Knowing that elemental molecules (made of only one element, like #O_2, Cl_2, Br_2#) etc have #0# enthalpy, and the equation for enthalpy

#DeltaH_("rxn")=Sigman*"products"-Sigman*"reactants"#,

or overall enthalpy (#DeltaH_("rxn")#) is the enthalpy of products minus enthalpy of reactants, we can rearrange equation #3.#.

#TiCl_4->TiCl_2+Cl_2, DeltaH=+273kJ#

#273=(TiCl_2+Cl_2)-TiCl_4# (products minus reactants)

#273=TiCl_2-TiCl_4# (enthalpy of #Cl_2# is #0#)

#TiCl_4=TiCl_2-273# (rearranged algebraically)

Now you can substitute this into equation #2.#, again using the products minus reactants equation

#TiBr_2+SnCl_4->SnBr_2+TiCl_4, DeltaH=-74kJ#

#-74=(SnBr_2+TiCl_4)-(TiBr_2+SnCl_4)#

#-74=SnBr_2+TiCl_2-273-TiBr_2-SnCl_4# (substituting in equation #3.# and expanding out everything)

#199=SnBr_2+TiCl_2-TiBr_2-SnCl_4# (rearranging, adding #273# to both sides)

You also have equation #1.#, which you can use products minus reactants to find

#SnCl_2+TiBr_2->SnBr_2+TiCl_2, DeltaH=+4.2kJ#

#4.2=(SnBr_2+TiCl_2)-(SnCl_2+TiBr_2)# (products minus reactants)

#4.2=SnBr_2+TiCl_2-SnCl_2-TiBr_2# (expanding out brackets)

Now you can equate equations #1.# and #2.# in their new form, as so

#SnBr_2+TiCl_2-SnCl_2-TiBr_2+194.8=SnBr_2+TiCl_2-TiBr_2-SnCl_4#

because if you add #194.8# to equation #1# it equals #199# in total, the same as equation #2.# With these two equal to each other, you can cancel out the similarities on both sides and find what's left.

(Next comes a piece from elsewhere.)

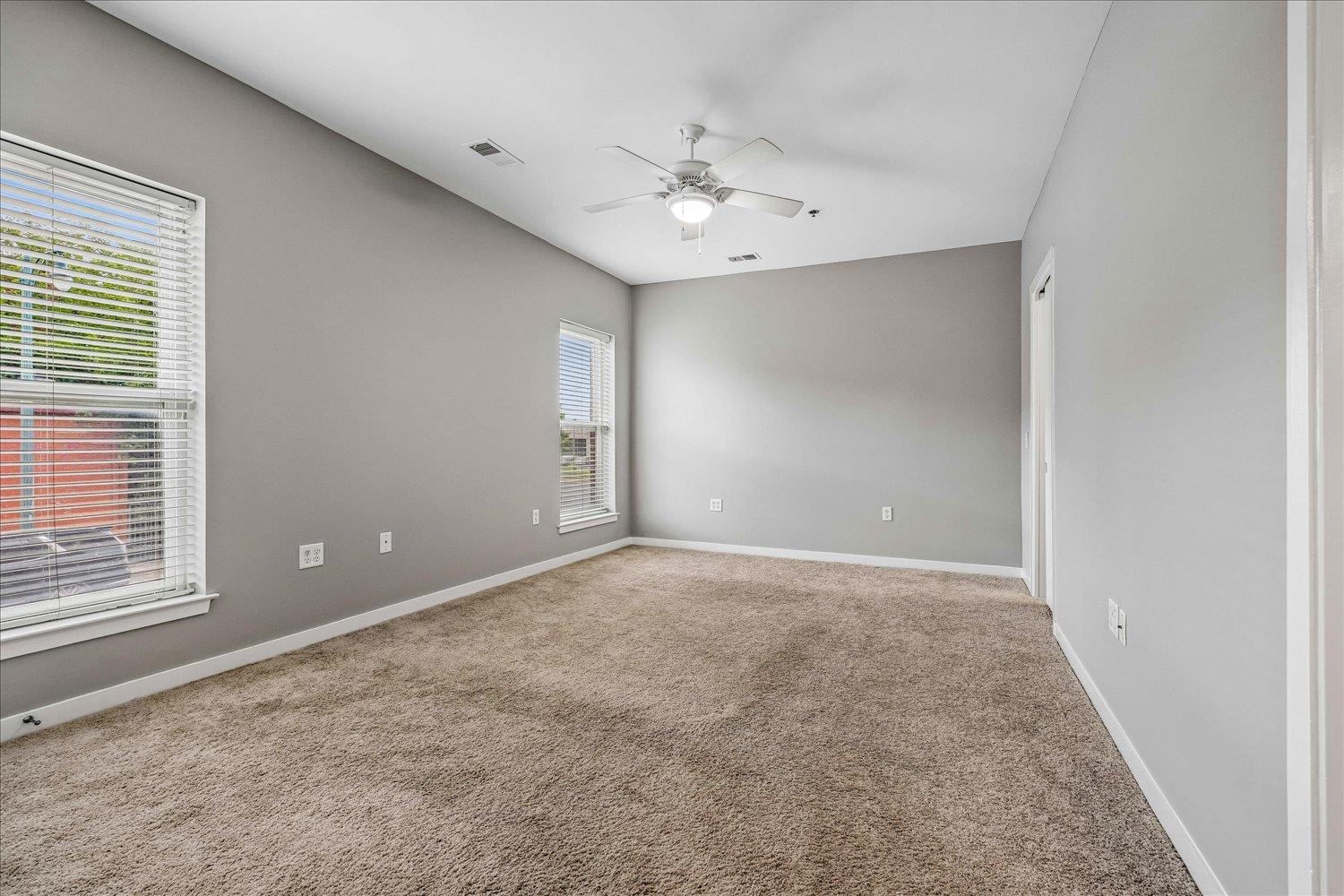 426 N Front St 104 Property Photo 14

Both sides have a #SnBr_2#, so you can cancel that. They also have a #TiCl_2# and a #-TiBr_2#, so get rid of those from each side, leaving

#-SnCl_2+194.8=-SnCl_4#

#SnCl_4-SnCl_2=-194.8kJ#

This is the answer to the question in the form of products minus reactants, because you can see the product is #SnCl_4# and the reactants are #SnCl_2# and #Cl_2#, though #Cl_2# has an enthalpy of #0# so it can be ignored.